Figure 3. Sensitivity to ISRIB analogs selects for a divergent palette of mutations in codon 188 of Eif2b2.

(A) Histograms of the ISR-responsive CHOP::GFP fluorescent reporter activity, induced by histidinol (HIS⁺, 0.5 mM) in ISRIB^RES, ISRIB^SEN, compound 075B^SEN and compound 084^SEN sub-pools, selected for their responsiveness to ISRIB or its analogs (2.5 µM) from a population of originally ISRIB^RES Eif2b2^H188X mutant cells.

(B) Bar graph of the distribution of residues identified at Eif2b2 codon 188 in phenotypically divergent pools of CHO-K1 cells. The number of sequenced reads in ISRIB^RES (plum), ISRIB^SEN (orange), compound 075B^SEN (blue) and compound 084^SEN (cyan) pools encoding each amino acid (* - stop codon, X – ambiguous) is plotted.
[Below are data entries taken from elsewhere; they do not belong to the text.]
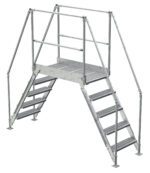 The Vestil Aluminum Cross Over Ladder 38 Wide Step features dual handrails and staircases on both sides. It provides a sturdy solution for safe passage over obstacles, perfect for industrial or construction use.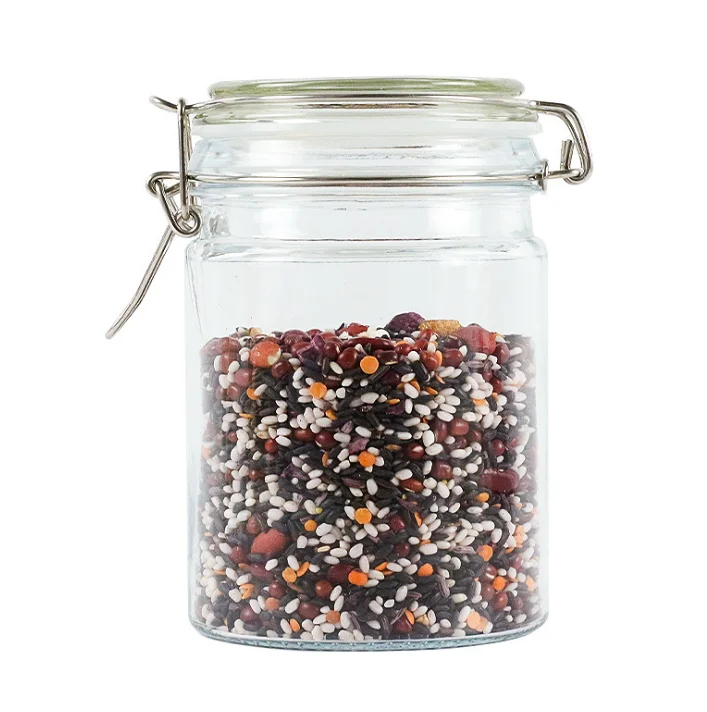 Food Storage Glass Jar Transparent Glass Container Candy  Jar With Airtight Glass Lid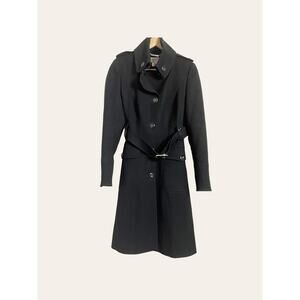 Karen Millen Black Wool Blend Single Breasted Belted Trench Coat Size 8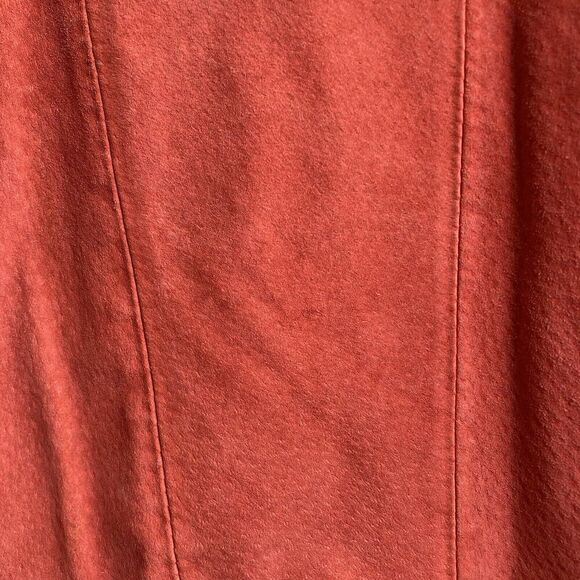 Chico's Women's Red Suede Leather Jacket Size 2 Large Western Boho Hippie Eyelet - Picture 11 of 11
(C) Plot of the relative FP signal arising from samples with fluorescein-labeled AAA2-101 (2.5 nM) bound to purified hamster eIF2B (30 nM) in the presence of the indicated concentration of unlabeled ISRIB introduced as a competitor (represented on a log₁₀ scale). Shown is a representative of two independent experiments. The fitting curve and EC₅₀ was generated using “agonist vs. response” function on GraphPad Prism.

(D) A plot of the FP signal arising from fluorescein-labeled AAA2-101 (2.5 nM) as a function of the concentration of wildtype (wt) or mutant eIF2B (δ^L180F or β^H188K) in the sample. Shown are mean ± SD (n=3). Concentrations of eIF2B are represented on a log₁₀ scale.